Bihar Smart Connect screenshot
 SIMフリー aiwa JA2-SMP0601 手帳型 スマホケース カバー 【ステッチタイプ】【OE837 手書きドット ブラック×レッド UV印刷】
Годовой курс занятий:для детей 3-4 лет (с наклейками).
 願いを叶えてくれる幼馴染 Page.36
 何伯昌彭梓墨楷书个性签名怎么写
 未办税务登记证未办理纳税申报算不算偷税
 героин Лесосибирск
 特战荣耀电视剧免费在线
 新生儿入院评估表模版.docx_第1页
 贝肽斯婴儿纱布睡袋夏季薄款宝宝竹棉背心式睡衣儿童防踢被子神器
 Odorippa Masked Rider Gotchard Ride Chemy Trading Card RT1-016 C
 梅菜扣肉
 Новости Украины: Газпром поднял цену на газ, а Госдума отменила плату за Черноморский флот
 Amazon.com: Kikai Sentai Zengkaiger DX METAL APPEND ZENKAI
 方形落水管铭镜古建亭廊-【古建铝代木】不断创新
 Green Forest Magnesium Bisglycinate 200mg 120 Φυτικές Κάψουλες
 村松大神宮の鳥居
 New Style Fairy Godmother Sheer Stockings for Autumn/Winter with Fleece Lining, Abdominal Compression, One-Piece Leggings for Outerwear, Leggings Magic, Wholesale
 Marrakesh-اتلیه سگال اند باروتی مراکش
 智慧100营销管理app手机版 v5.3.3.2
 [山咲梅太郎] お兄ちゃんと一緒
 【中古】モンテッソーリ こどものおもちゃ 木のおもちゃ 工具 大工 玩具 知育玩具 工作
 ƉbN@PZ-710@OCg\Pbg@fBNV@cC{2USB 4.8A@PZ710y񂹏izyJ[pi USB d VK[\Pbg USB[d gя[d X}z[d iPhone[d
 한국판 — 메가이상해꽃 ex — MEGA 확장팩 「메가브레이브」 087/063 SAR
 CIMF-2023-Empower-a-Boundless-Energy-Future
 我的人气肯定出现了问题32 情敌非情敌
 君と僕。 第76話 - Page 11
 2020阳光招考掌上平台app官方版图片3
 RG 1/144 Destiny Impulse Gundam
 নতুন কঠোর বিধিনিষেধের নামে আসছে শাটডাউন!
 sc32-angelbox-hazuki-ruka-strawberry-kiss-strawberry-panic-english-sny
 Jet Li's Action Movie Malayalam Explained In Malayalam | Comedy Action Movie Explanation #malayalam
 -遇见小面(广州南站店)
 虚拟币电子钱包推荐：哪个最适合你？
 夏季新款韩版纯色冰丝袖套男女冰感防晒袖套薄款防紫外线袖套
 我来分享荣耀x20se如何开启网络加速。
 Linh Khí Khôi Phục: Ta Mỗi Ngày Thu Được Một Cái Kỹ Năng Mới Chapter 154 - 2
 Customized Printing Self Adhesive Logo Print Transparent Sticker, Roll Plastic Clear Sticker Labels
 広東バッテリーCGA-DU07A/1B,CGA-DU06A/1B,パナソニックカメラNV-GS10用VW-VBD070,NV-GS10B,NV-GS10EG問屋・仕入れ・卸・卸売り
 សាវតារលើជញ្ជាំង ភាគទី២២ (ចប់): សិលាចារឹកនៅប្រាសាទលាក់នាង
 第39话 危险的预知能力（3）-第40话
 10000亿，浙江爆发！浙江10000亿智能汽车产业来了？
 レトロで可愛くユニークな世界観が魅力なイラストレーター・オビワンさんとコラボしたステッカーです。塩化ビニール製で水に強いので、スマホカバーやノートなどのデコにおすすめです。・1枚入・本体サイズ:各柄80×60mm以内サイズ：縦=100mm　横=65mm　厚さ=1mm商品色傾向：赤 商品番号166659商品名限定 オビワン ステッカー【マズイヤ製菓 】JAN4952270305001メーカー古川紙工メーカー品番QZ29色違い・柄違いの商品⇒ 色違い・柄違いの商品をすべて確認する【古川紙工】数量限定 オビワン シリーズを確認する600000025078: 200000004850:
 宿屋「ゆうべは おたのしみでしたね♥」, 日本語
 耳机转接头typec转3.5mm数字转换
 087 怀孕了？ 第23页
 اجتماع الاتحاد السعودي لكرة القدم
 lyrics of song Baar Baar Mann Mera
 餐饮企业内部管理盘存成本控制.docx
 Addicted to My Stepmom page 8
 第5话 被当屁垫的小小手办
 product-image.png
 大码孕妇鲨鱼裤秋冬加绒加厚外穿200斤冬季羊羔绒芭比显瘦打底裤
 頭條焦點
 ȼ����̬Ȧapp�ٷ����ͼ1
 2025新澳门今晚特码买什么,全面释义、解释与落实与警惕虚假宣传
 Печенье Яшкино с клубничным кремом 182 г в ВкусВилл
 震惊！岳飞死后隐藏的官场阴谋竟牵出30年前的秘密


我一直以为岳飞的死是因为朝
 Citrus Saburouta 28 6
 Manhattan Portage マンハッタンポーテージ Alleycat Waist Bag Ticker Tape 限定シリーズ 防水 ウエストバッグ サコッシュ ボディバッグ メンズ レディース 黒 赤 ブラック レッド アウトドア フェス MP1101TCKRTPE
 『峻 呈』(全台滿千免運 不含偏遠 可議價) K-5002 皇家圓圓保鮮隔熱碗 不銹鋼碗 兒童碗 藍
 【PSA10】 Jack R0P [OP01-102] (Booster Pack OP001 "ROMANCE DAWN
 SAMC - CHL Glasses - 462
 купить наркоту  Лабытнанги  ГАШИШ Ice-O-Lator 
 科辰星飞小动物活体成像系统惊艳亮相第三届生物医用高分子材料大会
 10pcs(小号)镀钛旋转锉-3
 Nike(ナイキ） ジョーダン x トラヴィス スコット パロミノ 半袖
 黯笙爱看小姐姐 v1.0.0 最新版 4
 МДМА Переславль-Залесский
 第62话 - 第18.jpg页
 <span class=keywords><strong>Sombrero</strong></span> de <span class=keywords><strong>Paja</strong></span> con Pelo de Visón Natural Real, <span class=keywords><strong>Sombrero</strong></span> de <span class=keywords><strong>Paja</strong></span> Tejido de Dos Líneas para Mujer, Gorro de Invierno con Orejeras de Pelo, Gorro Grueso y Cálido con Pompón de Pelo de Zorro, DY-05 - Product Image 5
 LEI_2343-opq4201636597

▸ TASK:
Gather each line in these records that contains the string "ブラック".

▸ RESULT FOR THIS EXERCISE:
 SIMフリー aiwa JA2-SMP0601 手帳型 スマホケース カバー 【ステッチタイプ】【OE837 手書きドット ブラック×レッド UV印刷】
 Manhattan Portage マンハッタンポーテージ Alleycat Waist Bag Ticker Tape 限定シリーズ 防水 ウエストバッグ サコッシュ ボディバッグ メンズ レディース 黒 赤 ブラック レッド アウトドア フェス MP1101TCKRTPE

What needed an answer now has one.